Philippines Requests KF-21 Boramae Deliveries by 2027–2029, Signalling a Strategic Airpower Shift in the South China Sea
Philippine request for KF-21 Boramae deliveries between 2027 and 2029 underscores a decisive shift toward credible air deterrence, maritime denial and alliance-ready combat capability in the South China Sea.
(DEFENCE SECURITY ASIA) — A senior official from Korea Aerospace Industries reportedly stated that “the Philippines has requested the delivery of the KF-21 Boramae to the Philippine Air Force between 2027 and 2029, once the contract has been signed (likely in 2026),” a remark that underscores the speed with which Philippine airpower modernisation has shifted from long-term aspiration to near-term operational planning.
This request, emerging amid intensifying pressure in the West Philippine Sea and accelerating Chinese grey-zone operations, reflects a strategic recalibration by the Philippine Air Force, which has increasingly recognised that light combat aircraft alone are insufficient to impose credible deterrence in contested maritime airspace dominated by long-range sensors, fighter patrols and layered air-defence networks.

The same official emphasis that “South Korea is really pushing for the sale of the KF-21 Boramae fighter jets to the Philippines, to boost the Philippine Air Force’s capabilities” highlights how Seoul now views Manila not merely as a customer, but as a strategically located launch partner for its flagship aerospace export programme in Southeast Asia.
This potential acquisition unfolds as part of a broader realignment in Philippine defence planning, where airpower is increasingly treated as the central instrument for maritime denial, rapid crisis response and alliance interoperability, rather than as a supplementary capability subordinate to naval and ground forces.
By positioning the KF-21 as a successor platform to the FA-50PH rather than a replacement, Manila is signalling its intention to build a layered fighter force capable of persistent patrol, escalation control and high-end combat operations under a single, coherent logistics and training ecosystem.
Crucially, the 2027–2029 delivery window suggests that the Philippines is planning not for hypothetical future threats, but for a compressed timeline in which the balance of airpower over the South China Sea may decisively shift within the next five years.

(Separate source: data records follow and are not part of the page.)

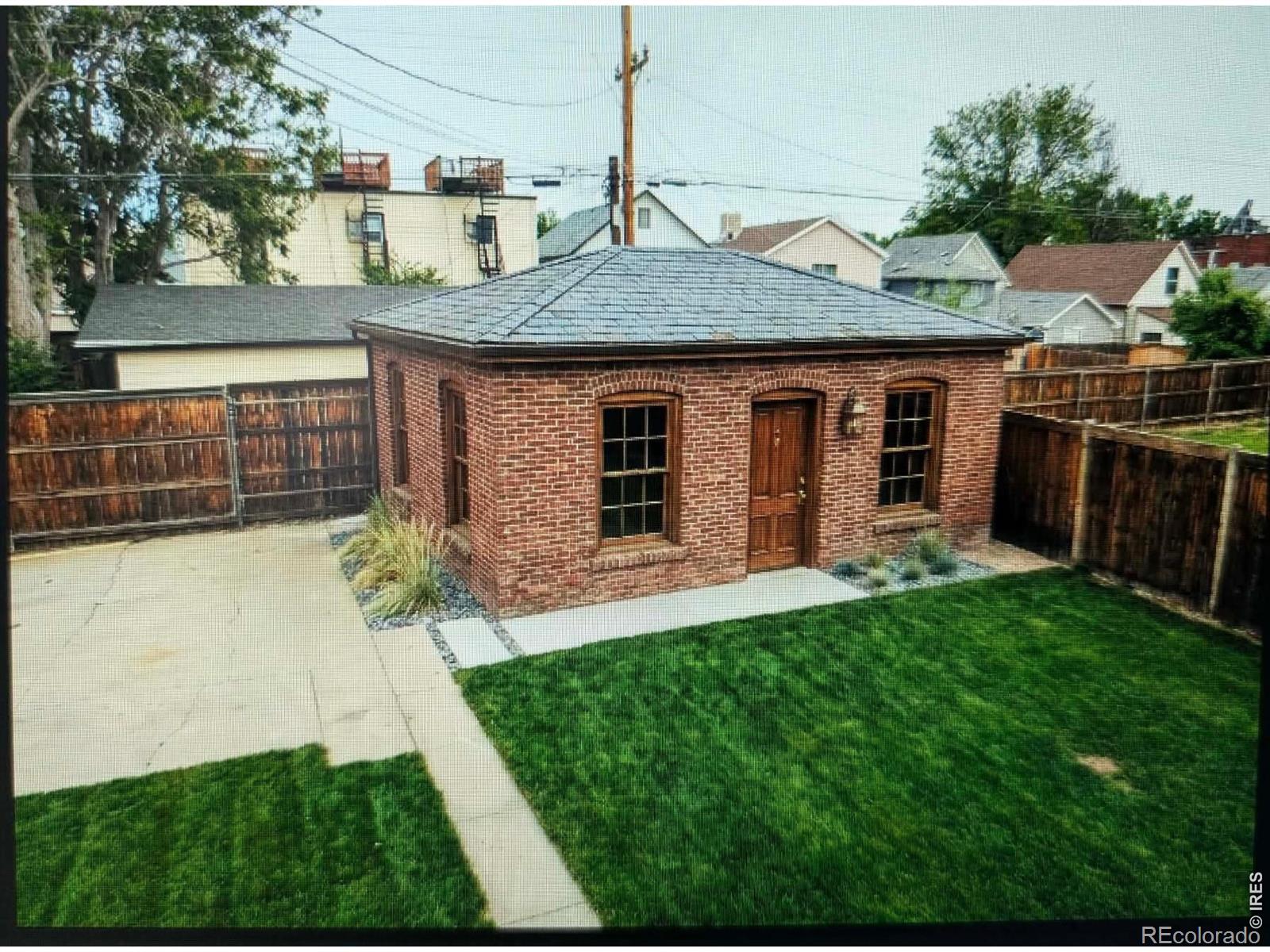 2929 Curtis Street Denver CO 80205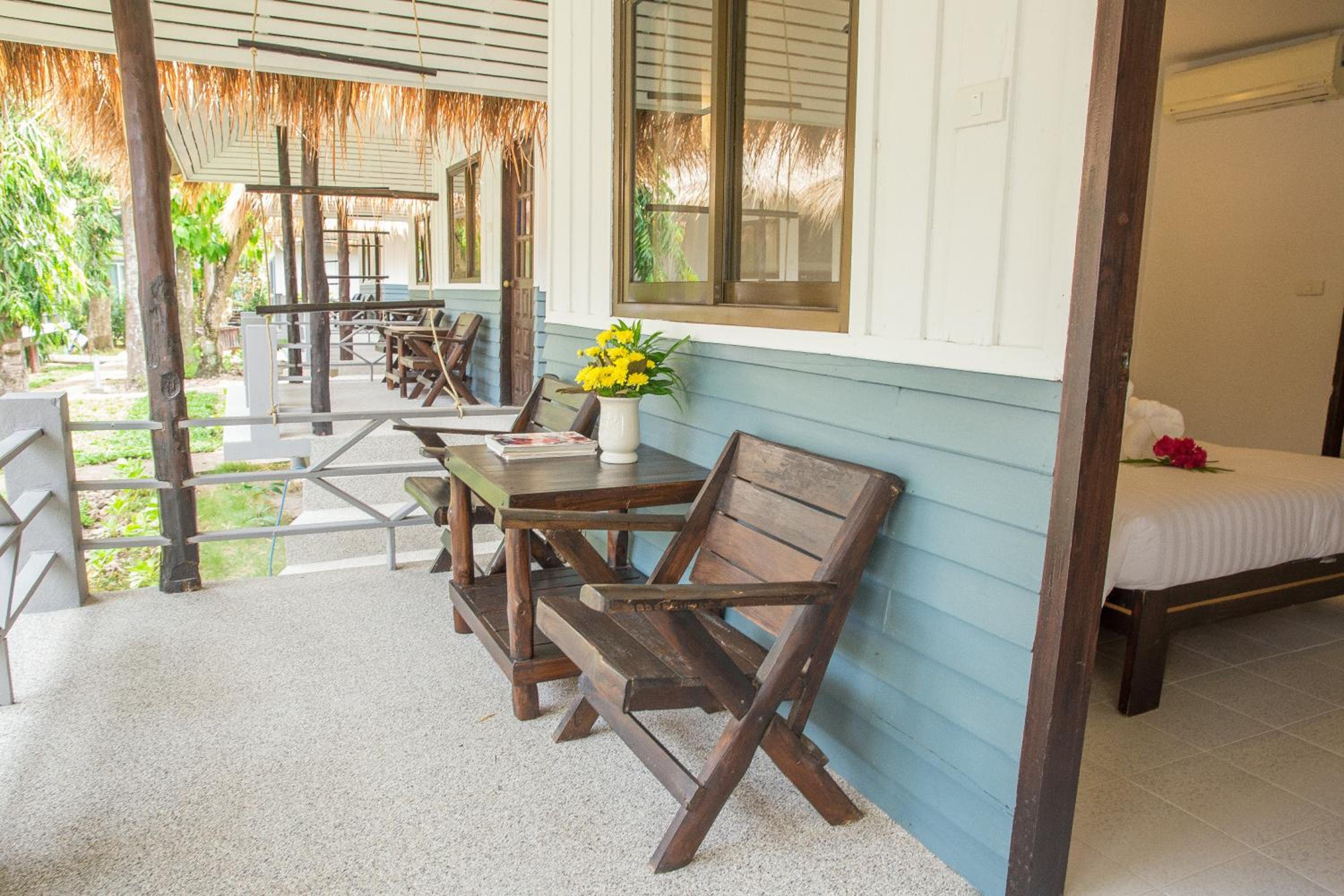Superior Garden Cottage - Photo 4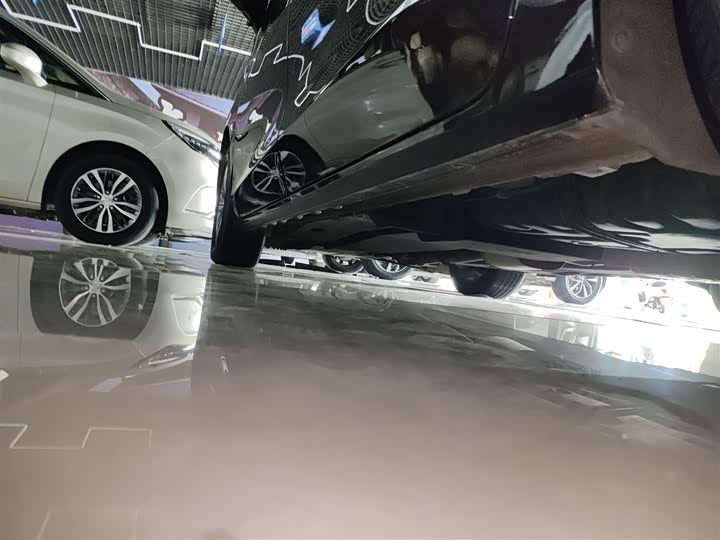 Фото 21 - Buick GL8 ES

This decision also reflects an emerging procurement philosophy that prioritises production certainty, cost control and political reliability, rather than chasing prestige platforms whose delivery schedules and export approvals remain vulnerable to geopolitical vetoes.
Taken together, the Philippines’ request for the KF-21 Boramae marks one of the most consequential airpower decisions in Southeast Asia since the end of the Cold War, with implications that extend far beyond fleet renewal into the realm of regional deterrence architecture.
KF-21 Boramae: South Korea’s Strategic Leap from License Production to Fighter Power Exporter
The KF-21 Boramae programme represents South Korea’s deliberate transition from licensed aircraft assembly to independent fighter-design sovereignty, with the twin-engine, 4.5-generation platform conceived to replace ageing F-4 Phantom and F-5 Tiger fleets while simultaneously establishing Seoul as a credible exporter of advanced combat aircraft.
Developed by Korea Aerospace Industries in partnership with Indonesia’s PT Dirgantara Indonesia, the programme achieved its maiden flight in July 2021, rapidly progressing through supersonic trials, avionics validation and weapons separation tests at a pace that surprised even seasoned defence analysts.
Powered by two General Electric F414 engines, the KF-21 is designed to reach speeds approaching Mach 1.8, with a combat radius exceeding 1,000 kilometres, enabling it to patrol large maritime expanses without the tanker dependency that constrains many single-engine fighters.
Its integration of an indigenous active electronically scanned array radar developed by Hanwha Systems marks a critical technological milestone, granting South Korea sovereign control over one of the most sensitive components of modern air combat.
The aircraft’s semi-stealth shaping, combined with reduced radar cross-section features and internal carriage provisions for selected weapons, positions the KF-21 as a pragmatic balance between fifth-generation survivability and fourth-generation affordability.
South Korea’s production roadmap calls for 120 aircraft for the Republic of Korea Air Force by 2032, with initial serial deliveries beginning in late 2026, a schedule that aligns precisely with the Philippines’ requested delivery timeline.
Recent programme investments worth approximately US$200 million (around RM930 million) to enhance ground-attack capabilities underscore Seoul’s determination to evolve the KF-21 into a fully mature multirole platform.
In export terms, the estimated unit cost of US$65–80 million (approximately RM300–370 million) places the KF-21 in a highly competitive position against Western alternatives such as the F-16V or Eurofighter Typhoon, particularly for air forces seeking advanced capability without prohibitive lifecycle costs.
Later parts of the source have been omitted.